The spiky ‘Naked Eye’ weaves around a funky bass part from Derek Forbes and a slightly unhinged vocal; both this and ‘Citizen (Dance of Youth)’ show Wire influences. There’s a dark feeling at work during ‘Citizen’ which reminds me of Wire material (from ‘Chairs Missing’, particularly) meeting with a more lightweight offering from The Birthday Party. ‘Premonition’ creates a nice contrast, being one of the album’s more accessible tracks – stylistically, still a long way from the debut album, there’s an obvious early Roxy Music influence and here, seems to be where Jim Kerr is in strongest voice. In fact, it’s one of the only tracks where he’s recognisable as the Jim Kerr most people would know. Also more song-based is the album’s only single ‘Changeling’. It’s been said elsewhere that this track is weak. To be fair, it’s not weak – it just feels a little out of place here amongst the darker, arty stuff. Maybe the band had been told they needed a single and this was thrown in at the last minute; or maybe it was written before the sessions took a dramatic, experimental slant? I don’t know.
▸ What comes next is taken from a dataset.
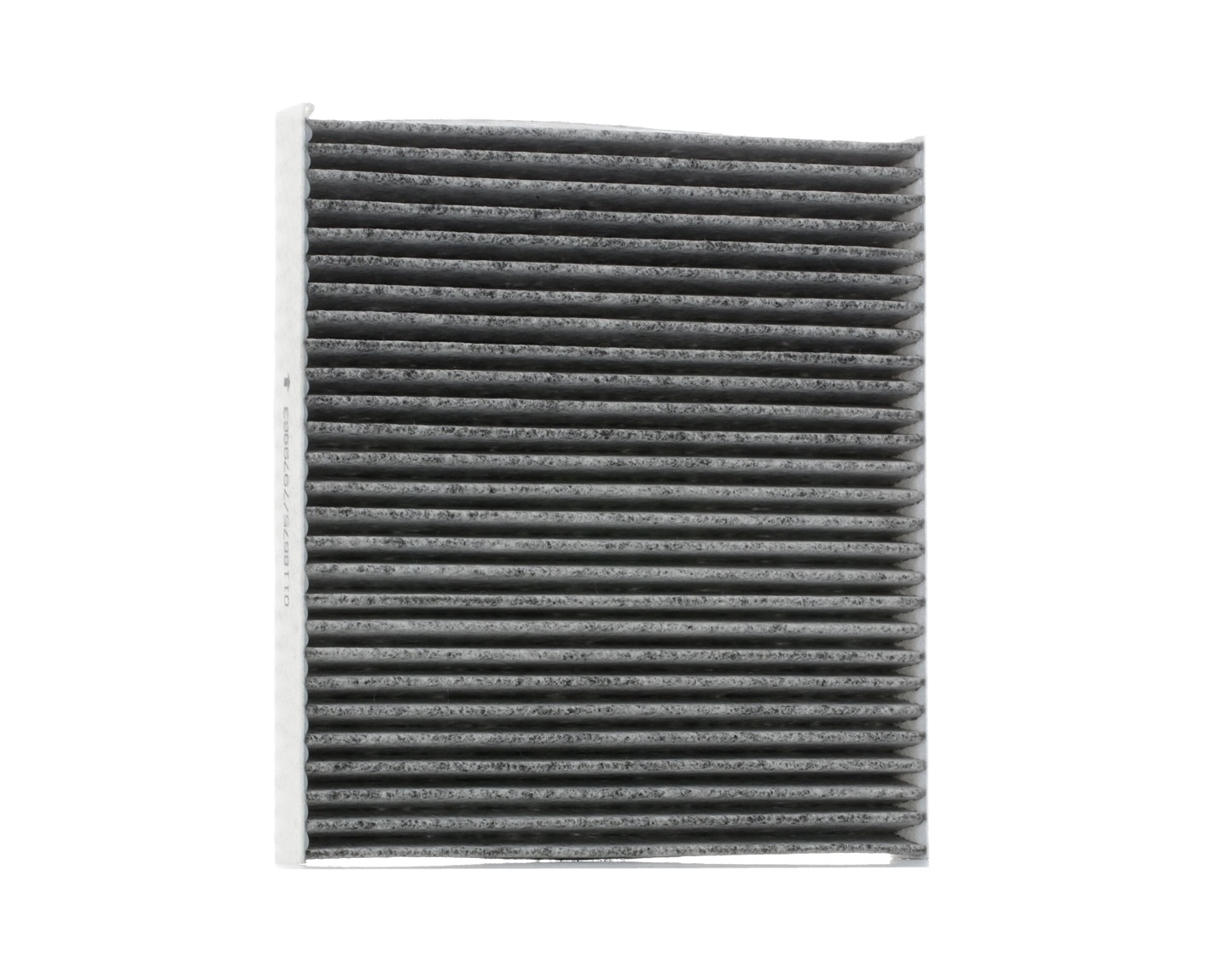 Filtro de pólen STARK SKIF-0170253 classificação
That said, ‘Calling Your Name’ could never be called experimental either. A bouncy new wave tune, this mightn’t have been out of place on XTC’s ‘Go2’, or ‘Drums and Wires’. John Leckie’s production is sharp and the band is in good shape, but generally speaking, it fits rather more into the ‘fun’ category. With it’s almost slow ska rhythms and carny-influenced keyboards, the obviously titled ‘Carnival (Shelter In A Suitcase)’ [It’s entirely possible ‘Carnival’ was its working title due to that keyboard riff], is in good company with ‘Calling…’, but even this slightly more commercial sounding material bares little in common with the Simple Minds with which most people are familiar.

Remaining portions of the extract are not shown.